What you give must be the lines from the one containing "Let's start off" through the last line of the listing below, exactly, with nothing else and no pictures.

Top of MATERIAL FOR THIS EXERCISE

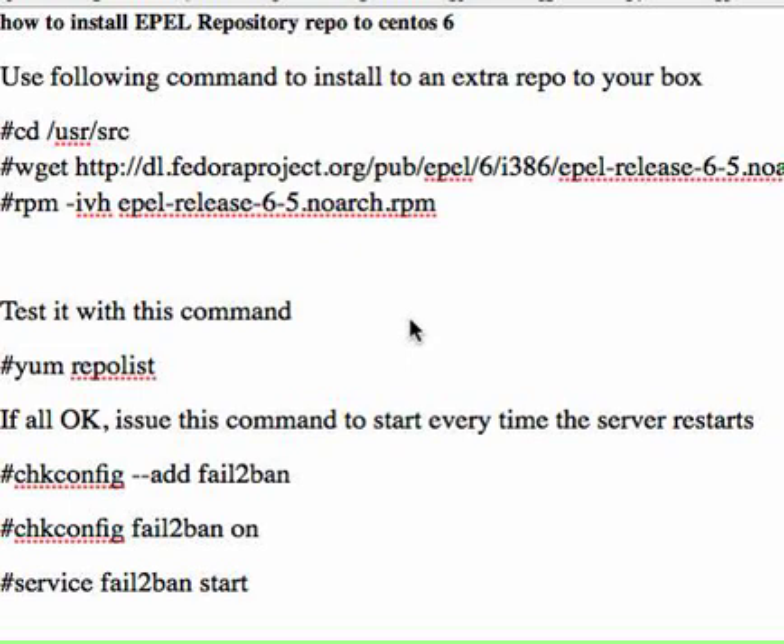Hi guys, today I'd like to show you how to install an extra repo on your Linux CentOS box. The reason that prompted me to do this was I wanted to yum install the fail2ban package on my machine, but I couldn't do it because the repo on my box didn't have the package. So I did some digging around and I needed to add an extra repo, EPEL, from a Fedora project, so that I can just yum install without doing it the manual way.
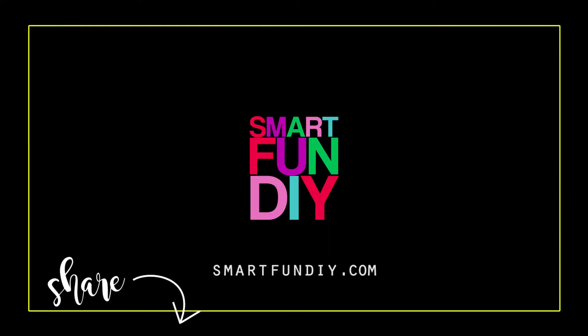Thanks so much for watching this, I really appreciate it. You can hit the subscribe button here so that you can get notifications every time we come out with another smart fun DIY idea like this.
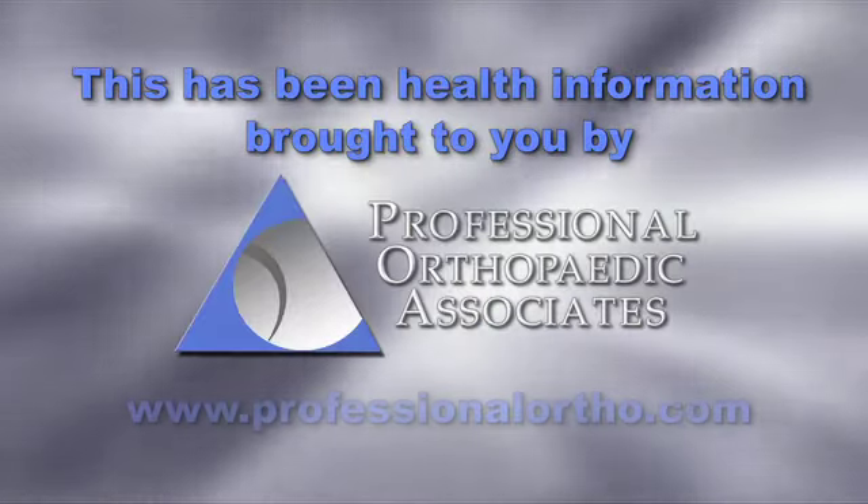To find out if you're a candidate for a unicondylar knee replacement, contact your orthopedic surgeon. This has been Orthopedic Health Information, brought to you by Professional Orthopedic Associates.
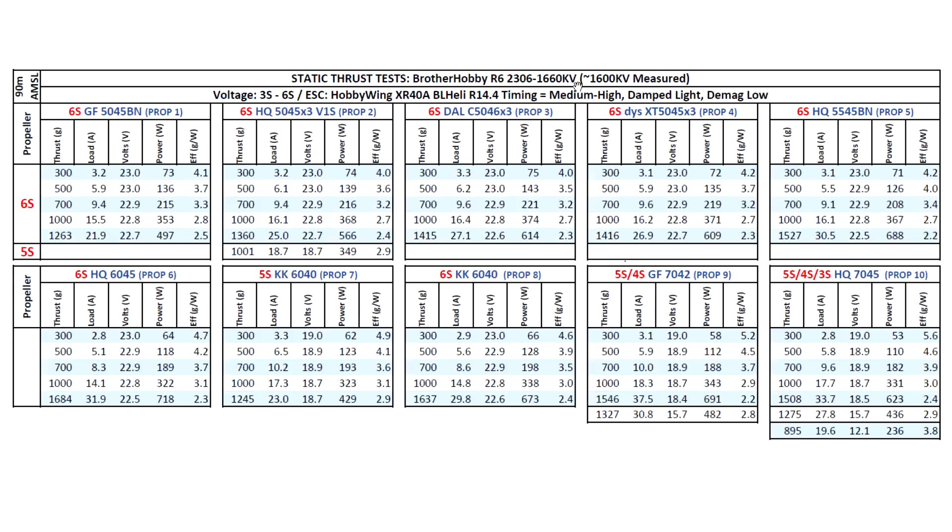This could be a good option for 7-inch props for a mild setup, though I'm not sure if anyone is using 2306 size motors for 7 inch. One thing is to test it on the thrust stand and another is to actually fly it — it might not feel responsive or might feel very laggy. Overall, a little bit low on power but quite gentle on batteries using very low amps. It's another option for 6S in the 2306 motor size. Hope you find the data useful — thanks for watching and until the next one.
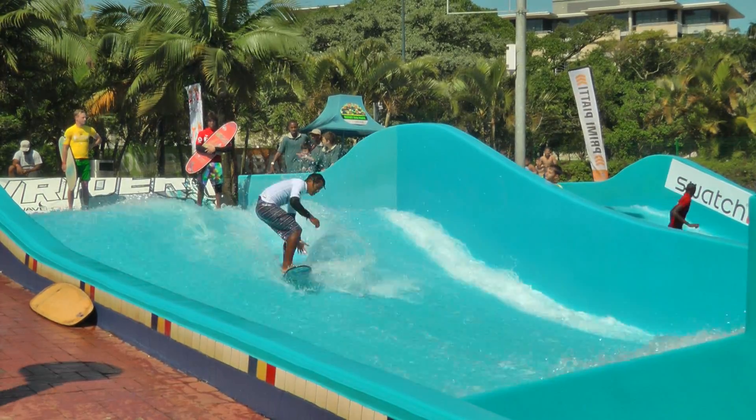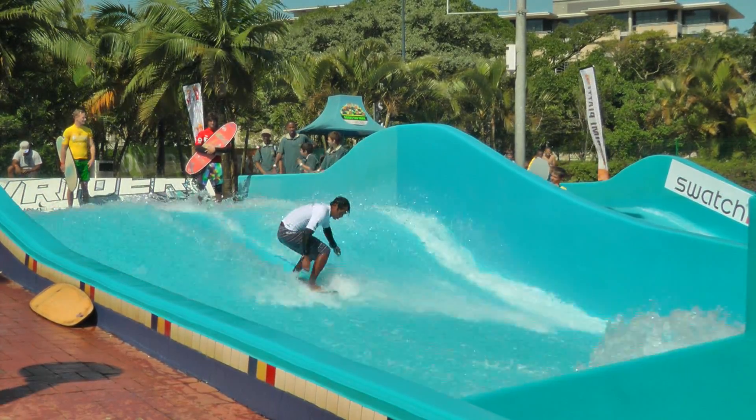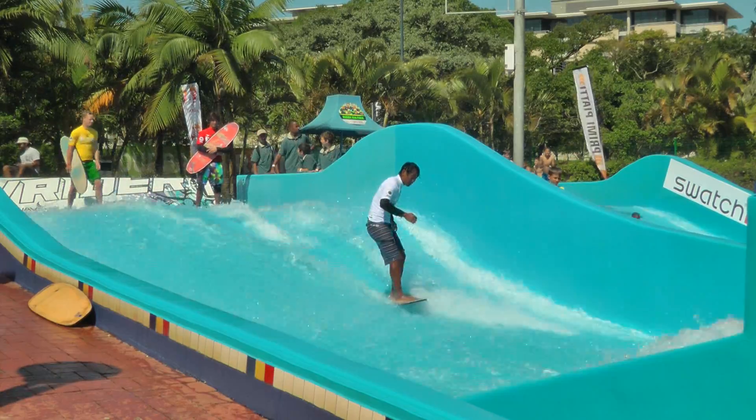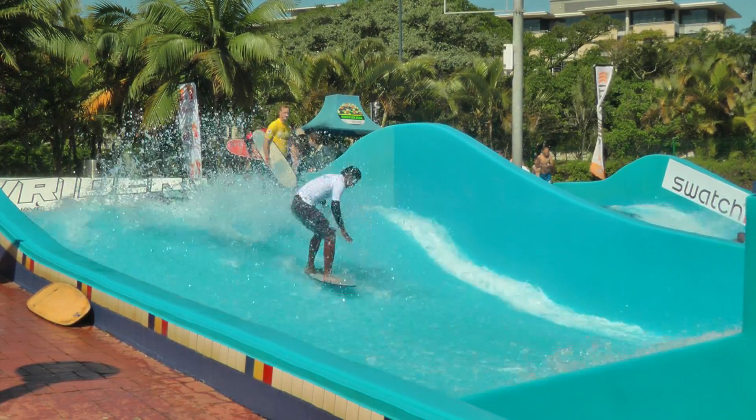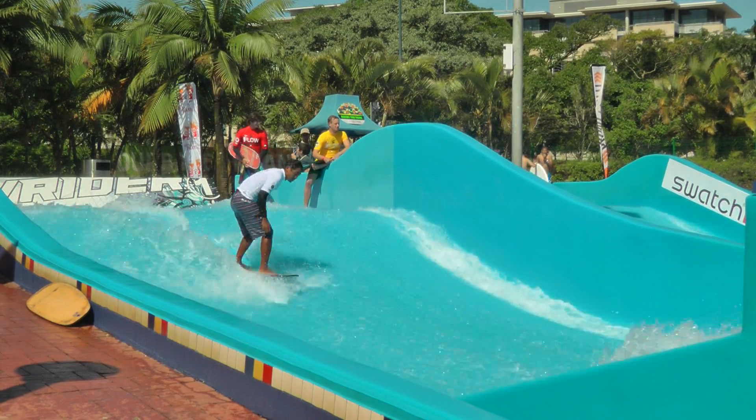Frontside 180. Get a little hand plank and a little squirrely right there. 180 shove it. A little bone in there — it's an old school skate trick right there.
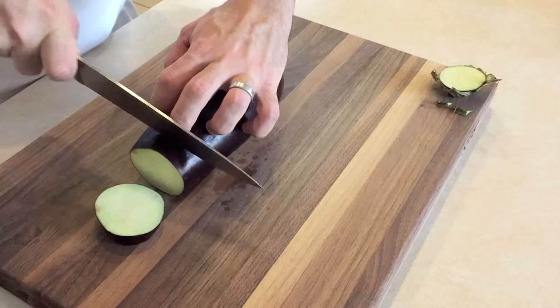Let's start off by slicing the eggplant with a sharp knife to about one inch rounds. Next, season the eggplant with salt and cracked black pepper and oil.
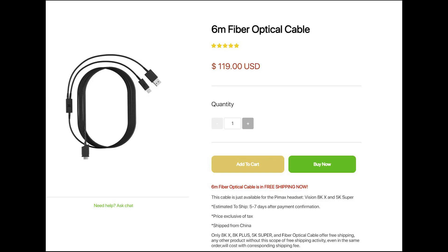Welcome back guys to another episode of NextGenVR. Today I will be reviewing the Pimax 8KX 6-meter fiber optical cable. What do I think of it and how does it compare to the original Pimax cable? I will also be testing it using my ceiling cable management system and let you guys know what I think of it.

Bottom of MATERIAL FOR THIS EXERCISE

TASK ANSWER:
Let's start off by slicing the eggplant with a sharp knife to about one inch rounds. Next, season the eggplant with salt and cracked black pepper and oil.
Welcome back guys to another episode of NextGenVR. Today I will be reviewing the Pimax 8KX 6-meter fiber optical cable. What do I think of it and how does it compare to the original Pimax cable? I will also be testing it using my ceiling cable management system and let you guys know what I think of it.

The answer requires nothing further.